Submit Hint Search The Forums LinksStatsPollsHeadlinesRSS
14,000 hints and counting!

Export mailbox data to a tab-delimited text file Apps
A simple perl script, used in conjunction with find, can create an export file containing a tab-delimited list of the From, Subject, and Date fields of all emails in Mail. You could bring this into a spreadsheet or database for further processing.
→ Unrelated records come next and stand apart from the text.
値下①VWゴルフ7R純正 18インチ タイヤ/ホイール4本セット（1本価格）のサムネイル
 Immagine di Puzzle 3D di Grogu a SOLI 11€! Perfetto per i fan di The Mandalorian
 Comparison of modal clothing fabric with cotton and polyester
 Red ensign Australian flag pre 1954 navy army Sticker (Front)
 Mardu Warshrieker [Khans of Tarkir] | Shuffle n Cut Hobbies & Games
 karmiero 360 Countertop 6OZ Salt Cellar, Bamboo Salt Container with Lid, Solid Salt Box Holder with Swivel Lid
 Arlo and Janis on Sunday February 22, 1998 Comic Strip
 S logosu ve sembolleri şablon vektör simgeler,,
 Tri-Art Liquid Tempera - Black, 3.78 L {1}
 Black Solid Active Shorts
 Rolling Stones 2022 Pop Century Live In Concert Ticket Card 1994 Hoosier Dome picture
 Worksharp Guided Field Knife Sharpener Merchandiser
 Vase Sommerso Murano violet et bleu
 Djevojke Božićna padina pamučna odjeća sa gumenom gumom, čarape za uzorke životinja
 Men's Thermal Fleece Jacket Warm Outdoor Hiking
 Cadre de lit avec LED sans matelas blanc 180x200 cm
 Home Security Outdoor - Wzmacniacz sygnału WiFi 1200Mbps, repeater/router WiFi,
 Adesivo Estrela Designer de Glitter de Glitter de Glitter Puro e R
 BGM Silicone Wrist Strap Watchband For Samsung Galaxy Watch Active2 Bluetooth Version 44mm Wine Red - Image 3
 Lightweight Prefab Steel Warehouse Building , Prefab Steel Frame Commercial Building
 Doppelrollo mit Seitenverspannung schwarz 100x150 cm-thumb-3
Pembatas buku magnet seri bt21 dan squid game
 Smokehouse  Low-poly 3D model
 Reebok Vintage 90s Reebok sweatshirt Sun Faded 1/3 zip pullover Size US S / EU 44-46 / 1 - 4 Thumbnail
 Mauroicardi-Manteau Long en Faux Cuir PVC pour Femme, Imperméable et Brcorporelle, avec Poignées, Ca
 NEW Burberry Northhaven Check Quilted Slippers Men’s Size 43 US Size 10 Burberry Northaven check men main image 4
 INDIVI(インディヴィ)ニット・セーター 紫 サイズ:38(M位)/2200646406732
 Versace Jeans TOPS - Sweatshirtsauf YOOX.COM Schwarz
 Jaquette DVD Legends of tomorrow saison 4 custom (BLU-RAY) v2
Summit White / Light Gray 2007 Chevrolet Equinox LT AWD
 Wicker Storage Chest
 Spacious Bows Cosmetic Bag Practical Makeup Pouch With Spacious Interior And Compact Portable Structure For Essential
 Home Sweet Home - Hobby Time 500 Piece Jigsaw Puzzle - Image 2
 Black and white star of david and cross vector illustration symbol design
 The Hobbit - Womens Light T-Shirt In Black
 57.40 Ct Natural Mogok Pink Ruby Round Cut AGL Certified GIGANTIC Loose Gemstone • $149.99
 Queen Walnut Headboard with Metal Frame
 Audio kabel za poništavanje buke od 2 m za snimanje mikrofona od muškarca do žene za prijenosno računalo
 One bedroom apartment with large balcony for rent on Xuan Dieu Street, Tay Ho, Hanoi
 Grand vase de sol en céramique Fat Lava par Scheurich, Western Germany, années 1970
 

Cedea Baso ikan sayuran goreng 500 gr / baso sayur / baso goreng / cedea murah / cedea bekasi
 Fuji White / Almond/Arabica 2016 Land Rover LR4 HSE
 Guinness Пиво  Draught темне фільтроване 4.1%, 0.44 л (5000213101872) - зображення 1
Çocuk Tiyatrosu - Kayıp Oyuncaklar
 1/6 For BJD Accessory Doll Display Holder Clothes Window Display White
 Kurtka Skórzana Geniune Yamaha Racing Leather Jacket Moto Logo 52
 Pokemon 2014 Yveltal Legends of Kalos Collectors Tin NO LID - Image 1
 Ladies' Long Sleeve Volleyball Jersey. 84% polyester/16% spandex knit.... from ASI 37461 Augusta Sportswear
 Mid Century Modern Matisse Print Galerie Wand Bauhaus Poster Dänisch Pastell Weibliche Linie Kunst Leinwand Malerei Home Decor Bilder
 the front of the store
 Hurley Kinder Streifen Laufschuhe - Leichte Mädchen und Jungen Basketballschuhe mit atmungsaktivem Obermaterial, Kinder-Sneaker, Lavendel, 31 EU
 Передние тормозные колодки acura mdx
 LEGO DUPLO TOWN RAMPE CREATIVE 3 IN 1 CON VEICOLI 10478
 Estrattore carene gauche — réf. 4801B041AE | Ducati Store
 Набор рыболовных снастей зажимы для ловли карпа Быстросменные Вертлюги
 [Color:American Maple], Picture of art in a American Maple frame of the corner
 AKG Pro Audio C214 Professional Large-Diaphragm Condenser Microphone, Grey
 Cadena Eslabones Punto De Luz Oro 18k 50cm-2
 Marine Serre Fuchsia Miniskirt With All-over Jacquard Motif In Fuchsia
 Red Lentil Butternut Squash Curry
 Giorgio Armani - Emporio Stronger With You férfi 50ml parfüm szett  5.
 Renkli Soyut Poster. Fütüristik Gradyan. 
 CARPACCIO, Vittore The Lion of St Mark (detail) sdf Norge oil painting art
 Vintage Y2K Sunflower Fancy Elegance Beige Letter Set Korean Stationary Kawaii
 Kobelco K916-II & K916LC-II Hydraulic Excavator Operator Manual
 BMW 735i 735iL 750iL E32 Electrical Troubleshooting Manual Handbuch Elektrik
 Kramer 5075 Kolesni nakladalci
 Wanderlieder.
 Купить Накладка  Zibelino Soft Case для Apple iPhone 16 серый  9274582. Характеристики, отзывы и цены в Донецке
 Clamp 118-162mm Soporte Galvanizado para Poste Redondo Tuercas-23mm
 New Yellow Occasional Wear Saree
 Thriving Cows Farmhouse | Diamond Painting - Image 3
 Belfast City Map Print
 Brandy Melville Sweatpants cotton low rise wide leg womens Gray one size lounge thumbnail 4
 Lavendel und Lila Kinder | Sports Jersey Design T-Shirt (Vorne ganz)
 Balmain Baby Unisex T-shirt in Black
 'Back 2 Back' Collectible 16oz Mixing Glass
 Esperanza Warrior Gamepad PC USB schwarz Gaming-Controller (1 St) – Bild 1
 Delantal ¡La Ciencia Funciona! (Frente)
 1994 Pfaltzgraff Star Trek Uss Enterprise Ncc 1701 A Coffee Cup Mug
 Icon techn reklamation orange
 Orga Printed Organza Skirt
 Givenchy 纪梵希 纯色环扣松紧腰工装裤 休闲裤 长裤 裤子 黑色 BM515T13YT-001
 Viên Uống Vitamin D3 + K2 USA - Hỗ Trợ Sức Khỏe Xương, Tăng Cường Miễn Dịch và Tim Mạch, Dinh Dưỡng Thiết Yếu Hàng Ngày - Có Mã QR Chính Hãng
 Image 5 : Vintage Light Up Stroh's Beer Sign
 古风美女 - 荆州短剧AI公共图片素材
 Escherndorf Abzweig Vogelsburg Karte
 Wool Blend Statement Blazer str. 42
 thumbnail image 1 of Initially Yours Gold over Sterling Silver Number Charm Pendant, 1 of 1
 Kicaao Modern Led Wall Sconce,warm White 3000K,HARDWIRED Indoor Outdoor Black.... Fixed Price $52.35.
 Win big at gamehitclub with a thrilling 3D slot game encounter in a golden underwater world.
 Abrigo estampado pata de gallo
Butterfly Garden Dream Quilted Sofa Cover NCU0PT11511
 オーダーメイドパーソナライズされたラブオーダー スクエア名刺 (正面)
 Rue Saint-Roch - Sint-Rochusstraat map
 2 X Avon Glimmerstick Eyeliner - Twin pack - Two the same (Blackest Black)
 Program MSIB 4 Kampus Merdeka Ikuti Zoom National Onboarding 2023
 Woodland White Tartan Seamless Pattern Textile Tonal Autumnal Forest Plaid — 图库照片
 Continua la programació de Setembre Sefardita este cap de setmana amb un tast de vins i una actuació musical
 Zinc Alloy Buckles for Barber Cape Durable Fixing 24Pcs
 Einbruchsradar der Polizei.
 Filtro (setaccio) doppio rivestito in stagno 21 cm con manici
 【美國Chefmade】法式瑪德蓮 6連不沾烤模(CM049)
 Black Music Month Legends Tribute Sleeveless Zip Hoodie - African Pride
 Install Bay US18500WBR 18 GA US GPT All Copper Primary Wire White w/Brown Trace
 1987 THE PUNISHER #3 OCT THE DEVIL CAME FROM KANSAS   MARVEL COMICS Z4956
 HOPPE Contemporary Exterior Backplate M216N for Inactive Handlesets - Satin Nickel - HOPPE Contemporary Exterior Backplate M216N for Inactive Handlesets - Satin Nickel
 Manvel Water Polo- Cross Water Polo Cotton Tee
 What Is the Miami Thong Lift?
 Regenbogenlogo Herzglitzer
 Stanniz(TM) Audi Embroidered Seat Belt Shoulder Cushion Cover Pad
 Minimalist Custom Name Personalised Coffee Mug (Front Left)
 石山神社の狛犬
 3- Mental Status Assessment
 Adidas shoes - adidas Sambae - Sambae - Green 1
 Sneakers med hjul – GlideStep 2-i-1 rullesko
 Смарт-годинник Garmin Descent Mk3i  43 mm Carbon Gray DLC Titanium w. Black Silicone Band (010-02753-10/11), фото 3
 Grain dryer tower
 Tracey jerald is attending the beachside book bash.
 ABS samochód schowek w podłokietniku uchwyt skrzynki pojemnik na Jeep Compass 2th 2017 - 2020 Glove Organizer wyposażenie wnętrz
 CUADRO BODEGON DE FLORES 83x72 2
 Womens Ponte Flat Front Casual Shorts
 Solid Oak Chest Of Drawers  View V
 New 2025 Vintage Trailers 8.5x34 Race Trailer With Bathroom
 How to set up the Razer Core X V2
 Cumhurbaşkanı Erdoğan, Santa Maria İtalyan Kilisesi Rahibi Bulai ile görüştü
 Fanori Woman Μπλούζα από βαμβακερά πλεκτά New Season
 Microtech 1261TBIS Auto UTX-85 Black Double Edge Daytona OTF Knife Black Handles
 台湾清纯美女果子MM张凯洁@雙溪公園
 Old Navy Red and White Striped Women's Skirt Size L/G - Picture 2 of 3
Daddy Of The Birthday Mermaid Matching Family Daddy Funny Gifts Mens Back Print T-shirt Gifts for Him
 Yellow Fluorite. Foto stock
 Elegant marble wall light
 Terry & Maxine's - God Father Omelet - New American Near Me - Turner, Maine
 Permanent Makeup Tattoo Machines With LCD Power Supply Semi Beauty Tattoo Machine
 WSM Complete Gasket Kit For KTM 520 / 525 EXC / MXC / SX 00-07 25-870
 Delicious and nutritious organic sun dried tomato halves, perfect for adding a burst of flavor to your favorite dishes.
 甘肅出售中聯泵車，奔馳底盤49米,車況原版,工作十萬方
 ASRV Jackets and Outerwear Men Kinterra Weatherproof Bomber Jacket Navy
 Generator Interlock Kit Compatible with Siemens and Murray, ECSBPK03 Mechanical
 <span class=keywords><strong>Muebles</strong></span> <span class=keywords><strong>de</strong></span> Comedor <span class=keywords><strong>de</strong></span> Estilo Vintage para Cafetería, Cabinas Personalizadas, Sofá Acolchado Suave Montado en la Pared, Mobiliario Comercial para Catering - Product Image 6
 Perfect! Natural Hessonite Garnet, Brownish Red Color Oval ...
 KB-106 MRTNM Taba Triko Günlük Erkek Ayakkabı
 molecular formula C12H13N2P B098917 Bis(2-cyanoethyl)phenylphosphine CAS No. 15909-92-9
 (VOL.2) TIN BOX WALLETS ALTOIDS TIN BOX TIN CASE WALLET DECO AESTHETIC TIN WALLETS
Modifying the script (the formail parameters, mainly) would allow you to extract the message body and other fields as well.

Read the rest of the article for the script and find syntax...

Create this script, name it (mailexport.pl was used in this exmaple), make it executable (chmod 755 mailexport.pl), and keep it in the directory from which you'll run the find command:
#!/usr/bin/perl
$full_dir = $ARGV[0] ;
($mail_dir = $full_dir) =~ s|^.+?//|| ;
$mail_dir =~ s|\.mbox/mbox|| ;
$mail_dir =~ s|/| : |g ;
$full_dir =~ s/ /\\ /g ;

open(MAIL, "cat $full_dir | formail -e -s formail -X Subject:
-X From: -X Date: -a Subject: -a From: -a Date: |") ;

$i = 0 ;
while (<MAIL>)
{
if (/^Date: (.+)/)
{ chomp ($date = $1) ; }

if (/^Subject: (.+)/)
{ chomp ($subject = $1) ; }

if (/^From: (.+)/)
{ chomp ($from = $1) ; }

if (++$i == 3)
{
print ("$mail_dir\t$from\t$subject\t$date\n") ;
$i = 0 ;
}
}

close(MAIL) ;
Note: The "open(Mail..." line has been split into two rows for readability; replace the line break with one space character.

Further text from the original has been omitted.